Gigi Youngbauer, Writer

Most people have a desire for the truth. However, often these means getting hands dirty and digging up one’s own information. Who takes on this challenge? Journalists, the ones who spread far more than simple fact reports. Journalists are storytellers, the eyes and ears behind the news, the people in the action so the truth spreads further than behind closed doors.

Journalism teaches students how to step out of their comfort zone and take action with what is going on around them. Socially, they learn new ways of interacting with individuals, from interviews to group projects with the common goal of informing the public of the truth. All news stories and reports done globally are at the hands of journalists and their hard work to spread awareness to everyone that is not a firsthand witness.

Reporting to the public gives each journalist their own timeline, when the event takes place, getting the story finished, editing, and publishing, all within a set amount of time so their audience can stay informed. Every high school student knows the importance of a deadline, but journalists know better than an average student how to work well in time-sensitive situations. Knowing deadlines and the priority to get things done well on time helps students as they grow from a high school setting to college and onto the rest of their life. Basic skills such as time management are much more useful when practiced at a young age to be carried on for the future.

The elements of journalism spread further than just reporting stories. Journalists build important relationships with others who have some of the same interests. Working alongside other writers in the same environment can help a student with their writing skills, from bouncing ideas off of each other to teaching others new styles of writing and constructive criticism. Peer input can be more meaningful than something from a teacher or adviser. Similar-minded people can sometimes better understand each other and appeal to an audience better than others. When a student is surrounded by others with the same interests and goals, it encourages them to continue to work hard and impress those around them, a hardworking student goes much further academically than those that do not have academics as a priority.

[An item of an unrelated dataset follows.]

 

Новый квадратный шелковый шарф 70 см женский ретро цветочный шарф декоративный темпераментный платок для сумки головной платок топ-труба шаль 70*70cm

Student journalism sets basic precedents of important skills many kids will value as they go throughout life. Time management, social skills, stepping out of your comfort zone, and hard work are all prevalent where ever a student may go after they finish high school; workforce or college, every student is bound to benefit from learning and practicing these meaningful skills journalism teaches a high school student.

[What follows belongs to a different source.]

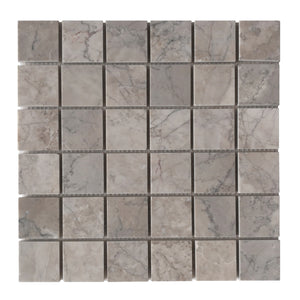 Gray Cloud 2x2 Polished Marble Mosaic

Journalism at Oshkosh North is all about the students, they run the show. When our biggest events this year took place, our student journalists were the first people to be on the scene, ready to take action and spread the word to everyone else. Before our transition to online publication, our writers worked fast to gather the information for our stories and get everything ready for publication. When we had the lockdown in November, our writers were quick to get the story and conduct interviews with peers and teachers. The lockdown story was also a dual effort, allowing two of our journalists to work together, help each other with writing, bounce ideas off each other to produce a stronger story. The students behind the stories at Oshkosh North work hard to get word out to everyone, they go out of the way to gather facts for stories, become dedicated to their topics, work alongside each other to strengthen their reports, and learn how to get out of their comfort zone whether it be conducting an interview or taking photos of the action right before their eyes. Student journalism is one of the best ways to prep high school kids for the real world to come, each student must have the passion to write, the passion to educate others; from there, the possibilities are endless.